Weekly Wisdom on Effectively Managing Change with
M.J. Ryan
Contributing Expert and Career Success! Partner
Ryan
had been a manager for a small company in New York’s garment district.
Then he got laid off and looked for work in his field for almost a
year. Finally, he took advantage of the need for seasonal holiday
workers and took a temporary job unloading pallets at night for
Wal-Mart. “I’m so glad to have something productive to do,” he
explained, “and to be bringing money in, even if it’s much less than I
used to.”

Sometimes when change hits, we must do things we would rather not. With
an Ivy League education, I’ve been a cashier in a drug store, a
mother’s helper, and a housecleaner (all very temporarily, for which I
am extremely grateful). I’ve worked the equivalent of three jobs for
years and on more weekends than I care to remember. In tough times, my
husband’s worked as a day laborer and sold books and other possessions
on eBay, including a Wedgwood teapot that had been in his family for
years.
Some people have trouble with the need to get on with it with as much grace and gratitude as possible. My guess is that it comes from a sense of entitlement.

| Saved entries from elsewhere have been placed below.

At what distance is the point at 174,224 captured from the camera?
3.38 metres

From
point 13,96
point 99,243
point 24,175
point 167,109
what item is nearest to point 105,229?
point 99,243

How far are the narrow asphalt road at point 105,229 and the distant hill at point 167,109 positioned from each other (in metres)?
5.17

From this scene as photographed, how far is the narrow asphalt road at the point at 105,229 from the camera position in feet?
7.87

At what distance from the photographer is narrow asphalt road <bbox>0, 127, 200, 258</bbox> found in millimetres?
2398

I worked for a while with a young woman fresh out of college who was
continually outraged that she had to work as a receptionist because she
“deserved” a more interesting job. This was a person whose parents were
making up the difference between her income and her expenses, which
ironically served to make her less grateful, not more, for her lot. It
took all of my fortitude each week not to say, “At least you have a
job.” But I kept my mouth shut because such awareness never comes from
the outside, only from experiences that teach us there’s no such thing
as “deserve.”
Each and every person on the face of this earth “deserves” food and
shelter and meaningful work. But unfortunately, as Buddhist teacher
Sylvia Boorstein says,
“You don’t get what you deserve. You get what you get.”
Maya Angelou is a great role model of someone who did what was
needed. She learned from her grandmother never to complain. When she
heard someone complaining she’d say to Maya, “There are people all over
the world, black and white, rich and poor, who went to sleep when that
person went to sleep, and they have never awakened….They would give
anything for five minutes of what that person was complaining about.”

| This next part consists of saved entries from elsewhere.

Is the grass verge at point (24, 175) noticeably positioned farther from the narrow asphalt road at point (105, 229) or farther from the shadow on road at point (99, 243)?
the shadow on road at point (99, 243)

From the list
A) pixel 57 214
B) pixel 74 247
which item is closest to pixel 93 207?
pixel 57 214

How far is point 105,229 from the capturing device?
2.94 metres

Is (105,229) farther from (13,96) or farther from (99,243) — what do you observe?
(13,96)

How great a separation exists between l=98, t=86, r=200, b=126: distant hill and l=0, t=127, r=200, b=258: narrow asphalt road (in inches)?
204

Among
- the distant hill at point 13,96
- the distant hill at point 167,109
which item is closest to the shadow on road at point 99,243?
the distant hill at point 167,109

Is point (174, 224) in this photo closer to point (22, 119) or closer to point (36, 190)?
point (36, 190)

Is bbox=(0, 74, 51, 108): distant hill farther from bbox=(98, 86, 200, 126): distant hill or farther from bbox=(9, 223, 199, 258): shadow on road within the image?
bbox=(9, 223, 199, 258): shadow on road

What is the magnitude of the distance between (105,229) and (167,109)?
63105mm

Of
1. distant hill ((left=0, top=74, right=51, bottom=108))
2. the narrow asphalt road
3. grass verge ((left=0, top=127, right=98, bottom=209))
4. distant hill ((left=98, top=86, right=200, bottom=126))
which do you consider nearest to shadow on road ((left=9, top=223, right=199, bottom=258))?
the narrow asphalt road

As a result, says Angelou, “I’ll protest like the dickens, but I don’t
complain….No matter how bad it gets, I’m always grateful to know that I
don’t have to stay with the negative.”
Tough changes give us the opportunity to see just how tough we are. We
roll up our sleeves and do what’s needed. (Within the bounds of what’s
legal and moral, I hope.) We experience how work, even unloading
pallets, makes us feel good. And the dignity that comes from the
determination to do what’s necessary, that “starch in the backbone,” as
Maya Angelou calls it, can never be taken from us.

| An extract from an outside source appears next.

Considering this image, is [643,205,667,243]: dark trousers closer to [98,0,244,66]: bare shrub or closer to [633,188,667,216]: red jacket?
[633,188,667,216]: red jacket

Original Post by M.J. Ryan: CLICK HERE
M.J. Ryan is a widely recognized
Change Expert and author of the book,
Adaptability - How to Survive Change You Didn't Ask
For. She is also one of the creators of the New York
Times bestselling Random Acts of Kindness series and the
author of The Happiness Makeover (nominated for the 2005
Books for Better Living award in the Motivational category),
Attitudes of Gratitude, The Power of Patience, Trusting
Yourself, The Giving Heart, and 365 Health and Happiness
Boosters, among other titles. Altogether, there are 1.75
million copies of her titles in print. Learn more about M.J.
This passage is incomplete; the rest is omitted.